Gas price rise: Rescue loans for energy firms urged in crisis talks
The government is considering offering emergency state-backed loans to energy companies as firms battle to stay afloat amid surging gas prices.
Business Secretary Kwasi Kwarteng will hold crisis talks with industry bosses including Centrica and E.On on Monday.
Smaller suppliers face ruin as price hikes have made their price promises to customers undeliverable.
The UK’s sixth largest energy company, Bulb, is seeking a bailout, while four smaller firms are expected to go bust.
At the beginning of 2021 there were 70 energy suppliers in the UK, but industry sources have said there may be as few as 10 left by the end of the year.
Recent price hikes have left some companies unable to provide their customers with the energy they have paid for.
Industry group Oil & Gas UK said wholesale prices for gas had increased by 250% since January – with a 70% rise since August.
If a supplier fails, energy regulator Ofgem will make sure affected households continue to be supplied, and will not lose money owed to them.
A new energy supplier would be responsible for taking on any credit balances a customer may have.
But the process for dealing with failing firms has come under pressure as adopting customers is less attractive for surviving companies due to spiralling wholesale prices.

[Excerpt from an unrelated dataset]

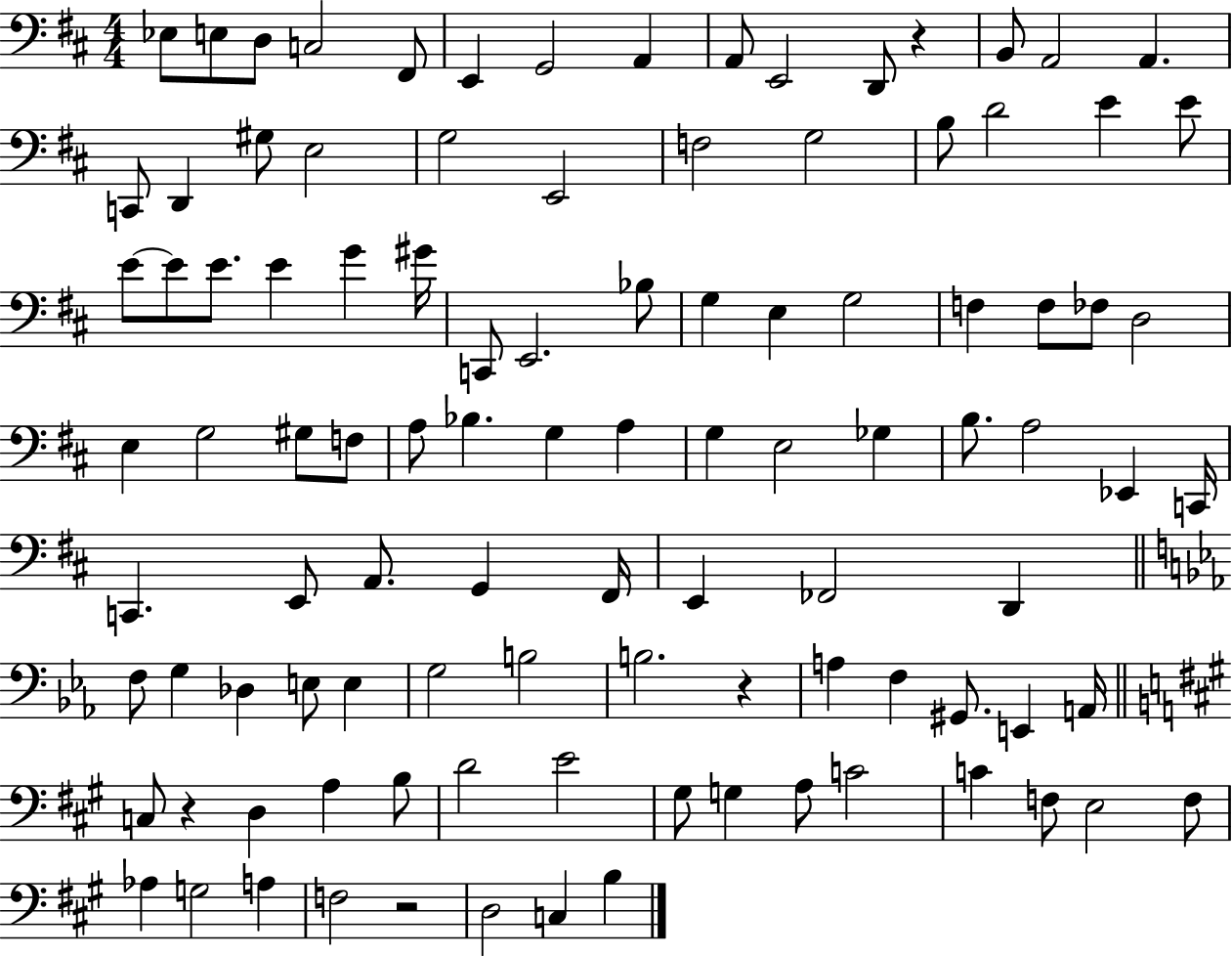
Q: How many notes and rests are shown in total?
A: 103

The state-backed loans may be offered to encourage firms to take on customers, although Foreign Office minister James Cleverly told BBC Breakfast on Monday that “ideally” businesses should stay afloat “through their own efforts.”
Prime Minister Boris Johnson, who is in New York for a UN General Assembly meeting, said the problem was “temporary”.

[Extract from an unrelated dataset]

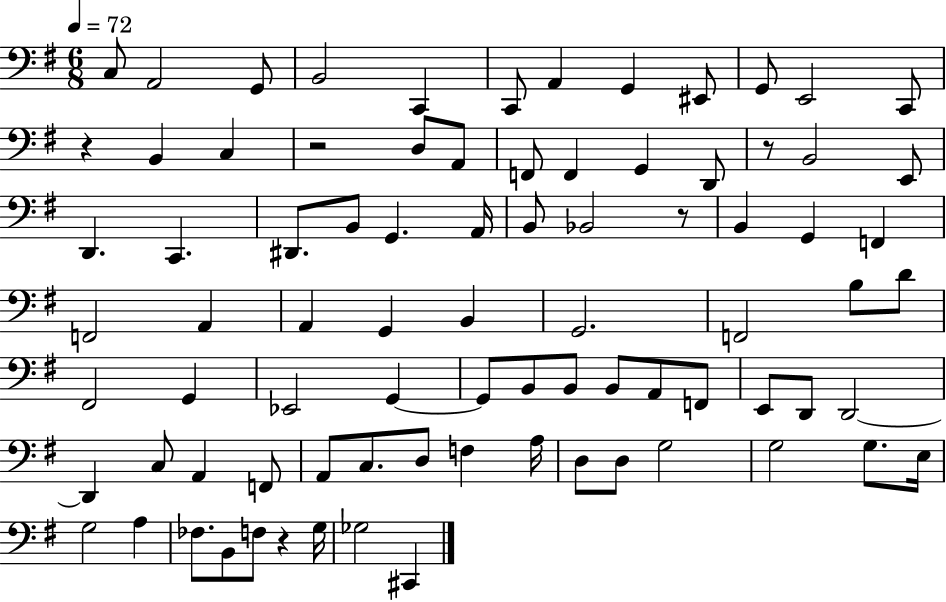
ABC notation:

He said that he was “very confident” in the UK’s supply chains and that market forces should be “very, very swift” in fixing the issues but that government would help where it could.
Increased demand, particularly from countries in Asia which also experienced cold weather, has added to the pressure on prices.
Nick Butler, visiting professor and chair of The Policy Institute at King’s College London, told the BBC’s Today programme that a reduction in supply from the United States, Russia and the North Sea was also playing a part, as well as limited storage facilities for gas in the UK.
“The government has taken their eye off the issue of energy security,” he said. “All of the focus in Whitehall has been on climate change. For the moment, we’re very reliant on oil and gas and when gas gets short in the world market, it hits back here.”